Take Nigeria as just one example of a place in which hardships are facing Christians.

Nigeria is a diverse nation that has long enjoyed some semblance of peace among neighbors and inter-faith communities.

One of the largest Christian communities there is the Ekklesiyar Yan’uwa of Nigeria (EYN), a contingent of the Church of the Brethren (a small, Germanic-born Protestant movement as old as the Reformation).

For years, the EYN have opened grade-schools, seminaries, clinics, social service organizations, and other relief communities.

In the last year, however, the EYN, among other Christian and Muslim communities, have come under attack by the radical Boko Haram movement, which made the news recently for kidnapping some 200 school girls.

According to the Church of the Brethren website, some 500 Brethren women and children have been kidnapped, over 3000 members have been killed, and nearly 100,000 have been displaced.
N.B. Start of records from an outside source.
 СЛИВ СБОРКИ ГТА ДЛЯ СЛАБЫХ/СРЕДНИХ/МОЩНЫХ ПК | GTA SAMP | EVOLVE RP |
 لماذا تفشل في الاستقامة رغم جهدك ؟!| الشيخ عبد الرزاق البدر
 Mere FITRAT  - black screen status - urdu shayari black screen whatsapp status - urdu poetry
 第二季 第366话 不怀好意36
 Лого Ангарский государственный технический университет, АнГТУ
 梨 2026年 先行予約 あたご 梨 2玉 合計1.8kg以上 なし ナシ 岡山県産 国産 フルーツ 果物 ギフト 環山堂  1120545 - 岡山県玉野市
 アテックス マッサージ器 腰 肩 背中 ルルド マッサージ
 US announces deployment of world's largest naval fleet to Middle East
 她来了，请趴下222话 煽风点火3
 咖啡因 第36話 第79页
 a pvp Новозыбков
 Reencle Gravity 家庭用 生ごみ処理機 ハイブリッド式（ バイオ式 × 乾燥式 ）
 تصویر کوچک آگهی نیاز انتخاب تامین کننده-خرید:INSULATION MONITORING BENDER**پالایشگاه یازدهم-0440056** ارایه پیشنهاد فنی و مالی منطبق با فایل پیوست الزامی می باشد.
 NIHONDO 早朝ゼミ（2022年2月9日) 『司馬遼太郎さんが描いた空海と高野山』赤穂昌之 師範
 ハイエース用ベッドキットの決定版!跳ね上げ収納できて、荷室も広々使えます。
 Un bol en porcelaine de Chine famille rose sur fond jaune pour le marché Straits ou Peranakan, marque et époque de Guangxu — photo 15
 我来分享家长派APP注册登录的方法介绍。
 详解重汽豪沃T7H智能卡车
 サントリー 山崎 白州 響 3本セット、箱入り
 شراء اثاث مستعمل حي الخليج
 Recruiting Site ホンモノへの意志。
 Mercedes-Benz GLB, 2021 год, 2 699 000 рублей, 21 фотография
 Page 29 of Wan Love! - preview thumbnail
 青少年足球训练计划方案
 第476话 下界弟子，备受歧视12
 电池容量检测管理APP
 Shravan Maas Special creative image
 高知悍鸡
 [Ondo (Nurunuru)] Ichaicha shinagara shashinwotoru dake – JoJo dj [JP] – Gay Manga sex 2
According to another report, Boko Haram seized the EYN headquarters and a partnering seminary as of October.

Many refugees are finding solace in Jos, Nigeria, the location of one of our local missionary’s place of ministry (missionary, Melanie Martin, once taught at nearby Honey Creek Elementary School) .  They are regrouping there in search of relief, shelter, and medical supplies.

This means that while I am figuring out how to perfect my lasagna on Christmas day, thousands of families will have nothing to eat.

No one likes getting bad news on Christmas.  Even relief organizations in our own country provide “the least of these” with enough resources to have a blessed Christmas.

And we should.  But we also should not deny that our privilege as a people sometimes blinds us to the needs beyond our borders.

We don’t know what its like to have our children kidnapped or our families displaced.  We don’t know what its like to lose our land and make a pilgrimage across country without adequate drinking water.

The birth of the Prince of Peace in our lives does not deny this fact.  Rather, the Prince of Peace’s birthday shines a spotlight on the plight of humankind and confronts our response to it.

God gave us Jesus to have life, but God also gave us Jesus to provide light and life to others who are in need.  Unfortunately, we spend so much time complaining about what we don’t have or what we want, we forget that much of what we do have is taken for granted.

This Christmas do not neglect the needs of people around the world who have yet to experience true peace.  We may sing about it, but it will take a commitment from all of us–be it through giving money or serving overseas–to make peace a reality where peace is hard to find.

In related news: Praise God for Discover Point Church and so many other churches who are providing meals to needy families in our county this season.  DP is feeding hundreds of families on Christmas day, challenging volunteers to spend Christmas serving others rather than serving themselves.  We are proud to partner with DP in providing kitchen facilities necessary for accommodating the crowd.